Conforme a coordenadora do Nudem da Bahia, Lívia Almeida, houve um parecer de um setor do tribunal de justiça contrário à interrupção da gestação:

— O parecer não tem assinatura, não se sabe se é um médico ou não. Tem que ter a identificação de quem fez, até para termos certeza que foi um especialista na matéria.

Almeida informou que a Defensoria Pública vai recorrer da decisão.

— Quando há más-formações que impossibilitam a vida, que não sejam a anencefalia, necessariamente precisamos judicializar. Já fizemos mais de 80 pedidos assim desde julho 2022. São muitos casos — explica Almeida. — Para muitas mulheres é uma tortura continuar uma gravidez sabendo que o feto não vai sobreviver, sem falar nas questões de impossibilidade mesmo do Sistema Único de Saúde (SUS), já que exige UTI e a gente sabe como há escassez dos leitos.

Vácuo jurídico
O caso da baiana, uma mulher negra, sem muitos recursos e com baixa escolaridade, mostra como existe um vácuo jurídico no acesso a esse direito no Brasil.

Em 2012, o STF decidiu que uma gestante pode interromper a gravidez se for constatada anencefalia (uma má-formação caracterizada pela ausência total ou parcial do cérebro) no feto através de um laudo médico. Assim, esse se tornou um dos poucos casos em que o aborto é legal no Brasil, juntamente com a gestação decorrente de estupro ou quando há risco de morte da mulher.

Porém, da mesma forma, existem outras síndromes e más-formações que fazem com que o feto não consiga sobreviver fora da barriga da mãe. Segundo os médicos, é considerado incompatível com a vida o feto que terá 90% ou mais de chance de morte antes do primeiro ano de vida.

Em todos esses casos é preciso recorrer à Justiça para que ela autorize a interrupção da gestação de forma legal por analogia à decisão da anencefalia.

— Tem sido feito por analogia, mas caso a caso. Então, às vezes a gente se depara com essas decisões injustas por fazerem uma interpretação muito restritiva. Não se justifica que uma mulher seja forçada a levar uma gravidez de um feto inviável. É uma lacuna na nossa legislação porque não inclui explicitamente uma previsão legal para esses casos. Cada juiz vai montar a decisão de acordo com a sua visão e as mulheres acabam nessa situação em que há uma loteria — afirma a advogada Beatriz Galli integrante do Comitê Latino-americano e do Caribe pelos Direitos da Mulher (Cladem Brasil).

Cerca de 5% dos abortos realizados de forma legal no Brasil são feitos por anencefalia ou por más-formações (autorizadas pela Justiça).

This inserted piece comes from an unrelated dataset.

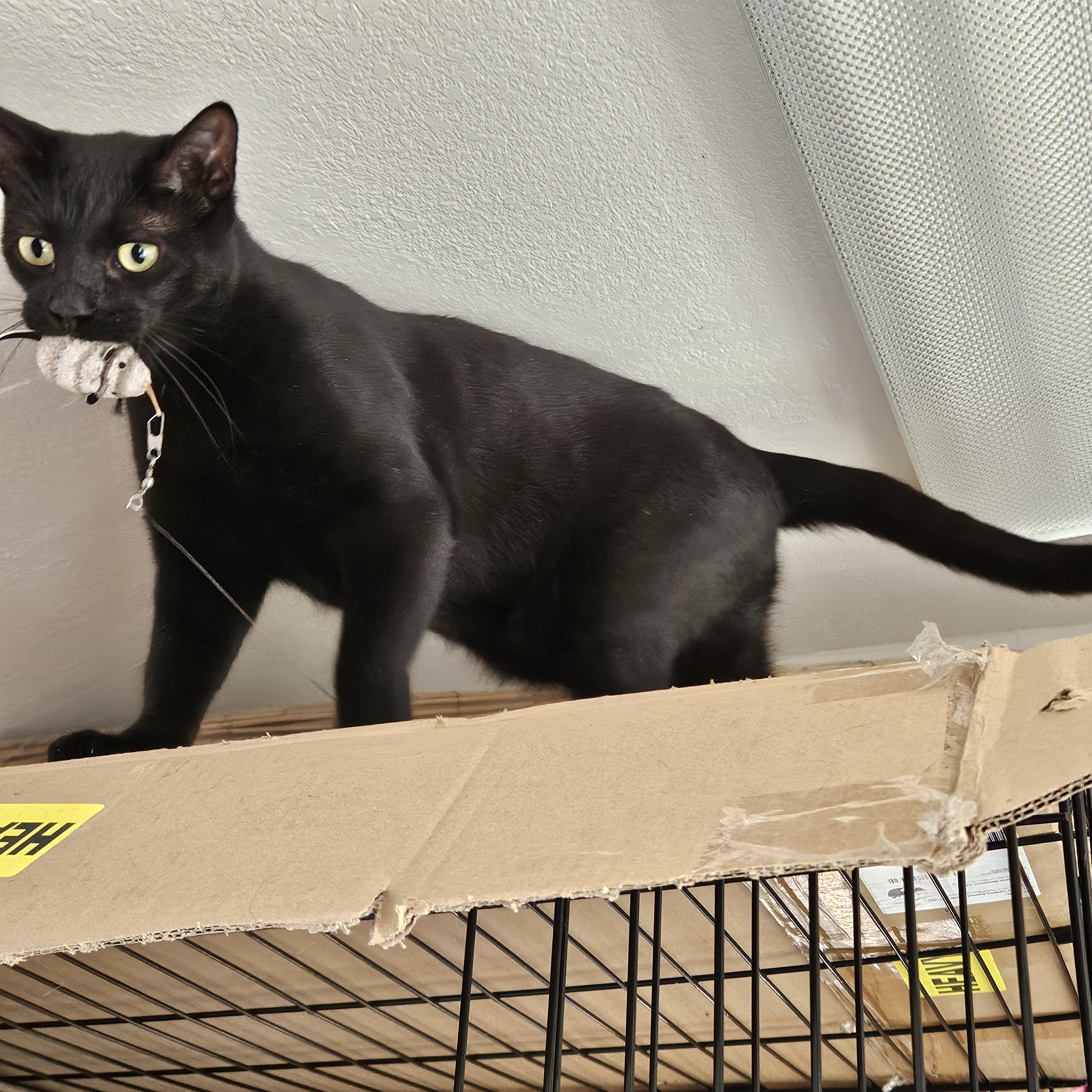 Sweetpea [Bonded with Ruffles], Adoptable, Adult Male Domestic Short Hair.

A ginecologista, obstetra e professora Helena Paro, do Núcleo de Atenção Integral às Vítimas de Agressão Sexual, na Universidade Federal de Uberlândia, defende que o STF explicite que o que quer dizer com anencefalia seja incompatibilidade com a vida.

Assim, da mesma forma que acontece nesses casos, não haveria necessidade de judicialização. Valeria a mesma regra: a partir da elaboração de dois laudos, assinados por dois médicos, a mulher poderia interromper a gravidez, abreviar seu sofrimento e evitar que o bebê sofra também pela falta de condições de vida e intervenções médicas.

— Há más-formações que podem até ser compatíveis com a vida, mas trazem maior risco inclusive à vida da mulher, como de pré-eclâmpsia e tromboembolismo, entre outros. E também não é só a saúde física. Está em jogo também a saúde mental e social delas. Você ter uma gravidez, todo mundo te ver grávida e você ter que ficar explicando para todo mundo — afirma Paro. — Tem um monte de outras coisas que o sistema judiciário deve tomar conta, mas o aborto não é uma delas porque é uma questão de saúde.